◆ **Directions for this task**: The entries are to be duplicated exactly, though any picture in them must be omitted.

Saved entries:

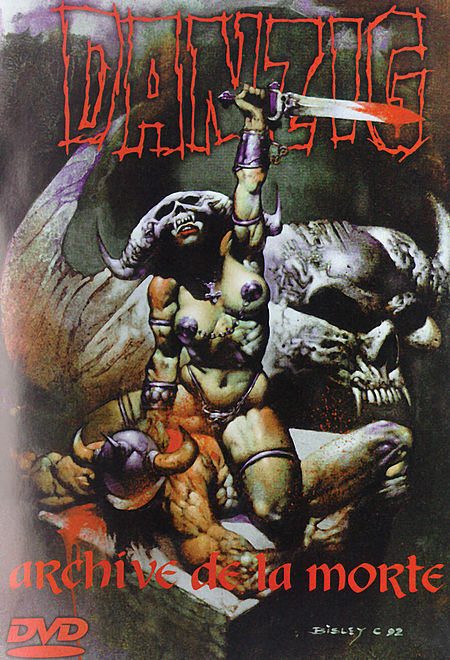 Danzig - Archive de la Morte (video)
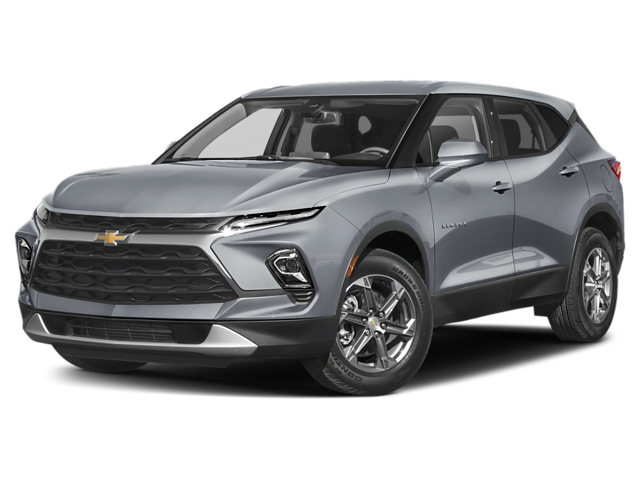 New 2025 chevrolet blazer in Fort Qu'Appelle, SK Echo Valley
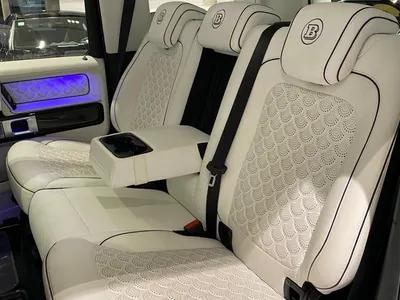 2021 Mercedes-Benz G 63 AMG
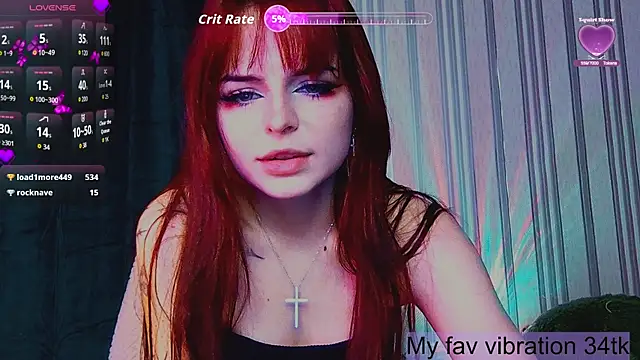 ArianaLight's Live XXX Chat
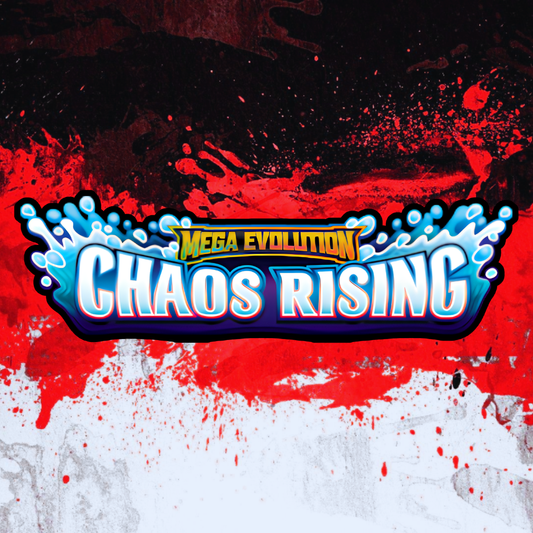 Chaos Rising - Mega Evolution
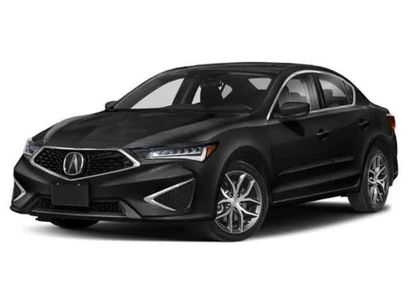 Used 2020 Acura ILX w/ Premium Package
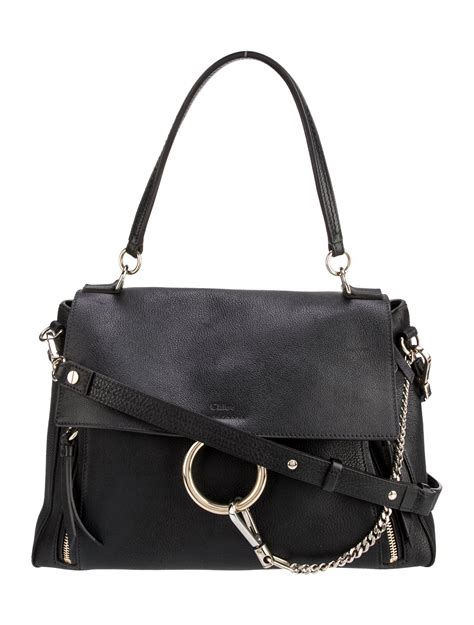 Chloe Faye Bag | The RealReal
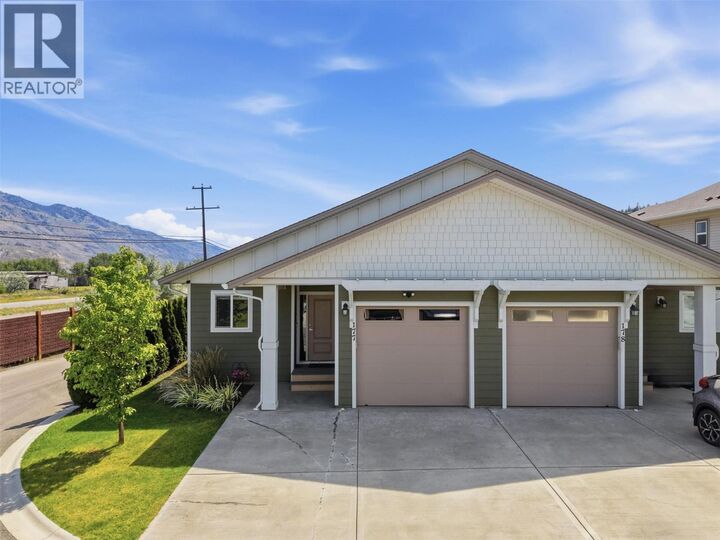 Property Photo: 8800 Dallas Drive 177 BC V2C 0G8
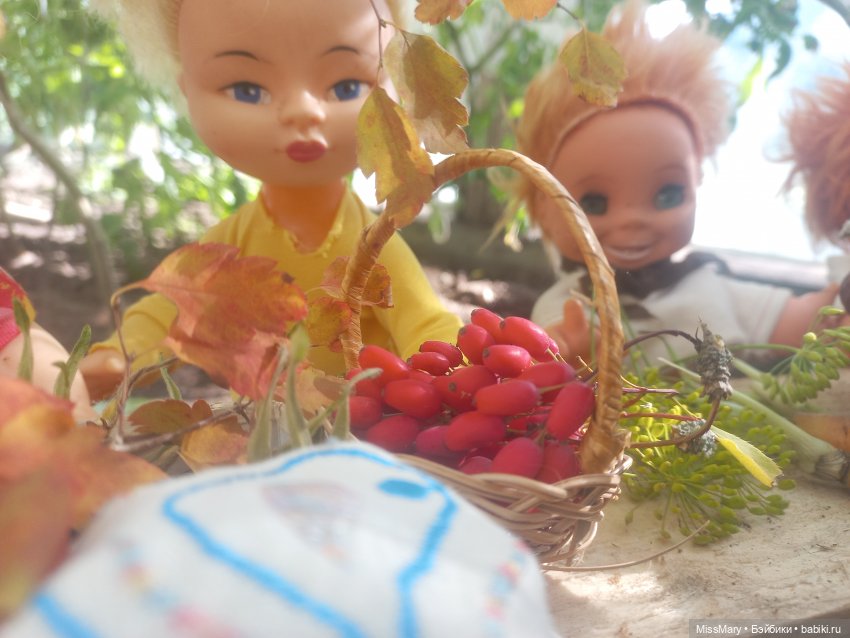 Ярмарка "Праздник урожая" 2023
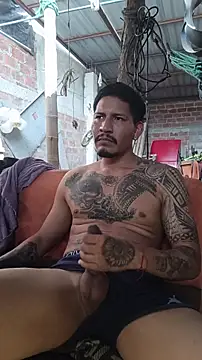 Pertunjukan Kamera Web cielo420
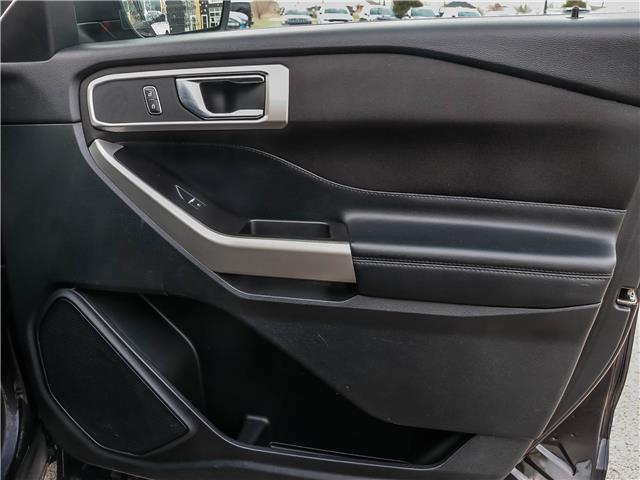 2020 Ford Explorer XLT (Stk: 15-26016A) in London - Image 25 of 29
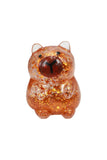 Capybara Iridescent Glittery Maltose Putty Filled Squishy: ASSORTED / ONE SIZE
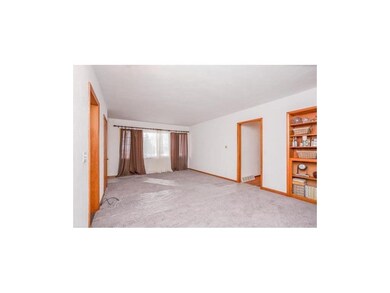 Living Room. Enjoy this cozy living room with buil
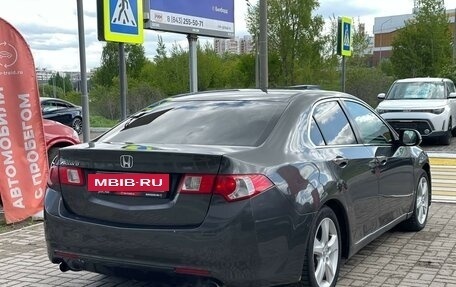 Honda Accord VIII рестайлинг, 2008 год, 749 000 рублей, 5 фотография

◆ **Output below**:
 Danzig - Archive de la Morte (video)
 New 2025 chevrolet blazer in Fort Qu'Appelle, SK Echo Valley
 2021 Mercedes-Benz G 63 AMG
 ArianaLight's Live XXX Chat
 Chaos Rising - Mega Evolution
 Used 2020 Acura ILX w/ Premium Package
 Chloe Faye Bag | The RealReal
 Property Photo: 8800 Dallas Drive 177 BC V2C 0G8
 Ярмарка "Праздник урожая" 2023
 Pertunjukan Kamera Web cielo420
 2020 Ford Explorer XLT (Stk: 15-26016A) in London - Image 25 of 29
 Capybara Iridescent Glittery Maltose Putty Filled Squishy: ASSORTED / ONE SIZE
 Living Room. Enjoy this cozy living room with buil
 Honda Accord VIII рестайлинг, 2008 год, 749 000 рублей, 5 фотография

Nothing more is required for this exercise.